EXERCISE BRIEF:
The answer is to be an exact copy of the lines below running from the line with "Cord bracelet red" down to the line with "hp Desktop PC", both ends included, and nothing more.

═════ RECORDS FOR THIS TASK

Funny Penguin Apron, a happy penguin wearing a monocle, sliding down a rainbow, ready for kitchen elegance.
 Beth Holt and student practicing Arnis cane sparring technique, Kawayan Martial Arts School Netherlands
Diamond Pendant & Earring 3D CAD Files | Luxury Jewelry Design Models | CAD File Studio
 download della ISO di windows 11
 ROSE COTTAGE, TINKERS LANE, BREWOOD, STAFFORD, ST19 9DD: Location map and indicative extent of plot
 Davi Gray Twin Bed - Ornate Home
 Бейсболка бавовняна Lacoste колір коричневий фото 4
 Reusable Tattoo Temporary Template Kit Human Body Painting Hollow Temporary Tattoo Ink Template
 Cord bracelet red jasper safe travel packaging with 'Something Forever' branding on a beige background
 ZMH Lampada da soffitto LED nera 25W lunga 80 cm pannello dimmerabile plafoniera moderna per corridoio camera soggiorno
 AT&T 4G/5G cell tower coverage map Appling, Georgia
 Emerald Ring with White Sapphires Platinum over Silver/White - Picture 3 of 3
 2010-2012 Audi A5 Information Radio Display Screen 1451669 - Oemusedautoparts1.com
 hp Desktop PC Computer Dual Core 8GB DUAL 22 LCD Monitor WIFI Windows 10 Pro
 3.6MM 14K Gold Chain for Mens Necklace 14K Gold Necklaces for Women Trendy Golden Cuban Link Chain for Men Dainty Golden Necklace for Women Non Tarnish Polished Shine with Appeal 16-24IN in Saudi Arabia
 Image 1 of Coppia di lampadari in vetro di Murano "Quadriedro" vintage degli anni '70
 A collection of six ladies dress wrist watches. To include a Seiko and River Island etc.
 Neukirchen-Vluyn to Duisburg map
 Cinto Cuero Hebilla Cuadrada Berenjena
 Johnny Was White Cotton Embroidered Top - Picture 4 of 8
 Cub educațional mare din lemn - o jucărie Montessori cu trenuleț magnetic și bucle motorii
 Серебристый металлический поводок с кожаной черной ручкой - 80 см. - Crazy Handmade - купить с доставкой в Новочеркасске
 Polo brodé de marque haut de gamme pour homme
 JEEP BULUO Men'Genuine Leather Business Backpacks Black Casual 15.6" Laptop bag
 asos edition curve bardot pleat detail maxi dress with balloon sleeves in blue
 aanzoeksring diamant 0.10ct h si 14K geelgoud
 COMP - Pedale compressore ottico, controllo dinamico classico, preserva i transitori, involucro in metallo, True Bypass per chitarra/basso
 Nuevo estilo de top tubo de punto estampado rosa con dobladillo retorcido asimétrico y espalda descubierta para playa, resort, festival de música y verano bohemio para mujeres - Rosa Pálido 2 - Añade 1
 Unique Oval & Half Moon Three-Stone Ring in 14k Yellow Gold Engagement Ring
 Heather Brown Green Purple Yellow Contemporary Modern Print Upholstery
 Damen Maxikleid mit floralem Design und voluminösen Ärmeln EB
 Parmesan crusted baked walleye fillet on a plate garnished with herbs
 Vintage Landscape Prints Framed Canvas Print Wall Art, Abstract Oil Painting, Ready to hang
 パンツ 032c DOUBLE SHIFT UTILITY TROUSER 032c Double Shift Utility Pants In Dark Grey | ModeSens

══════════

ANSWER FOR THIS EXERCISE:
 Cord bracelet red jasper safe travel packaging with 'Something Forever' branding on a beige background
 ZMH Lampada da soffitto LED nera 25W lunga 80 cm pannello dimmerabile plafoniera moderna per corridoio camera soggiorno
 AT&T 4G/5G cell tower coverage map Appling, Georgia
 Emerald Ring with White Sapphires Platinum over Silver/White - Picture 3 of 3
 2010-2012 Audi A5 Information Radio Display Screen 1451669 - Oemusedautoparts1.com
 hp Desktop PC Computer Dual Core 8GB DUAL 22 LCD Monitor WIFI Windows 10 Pro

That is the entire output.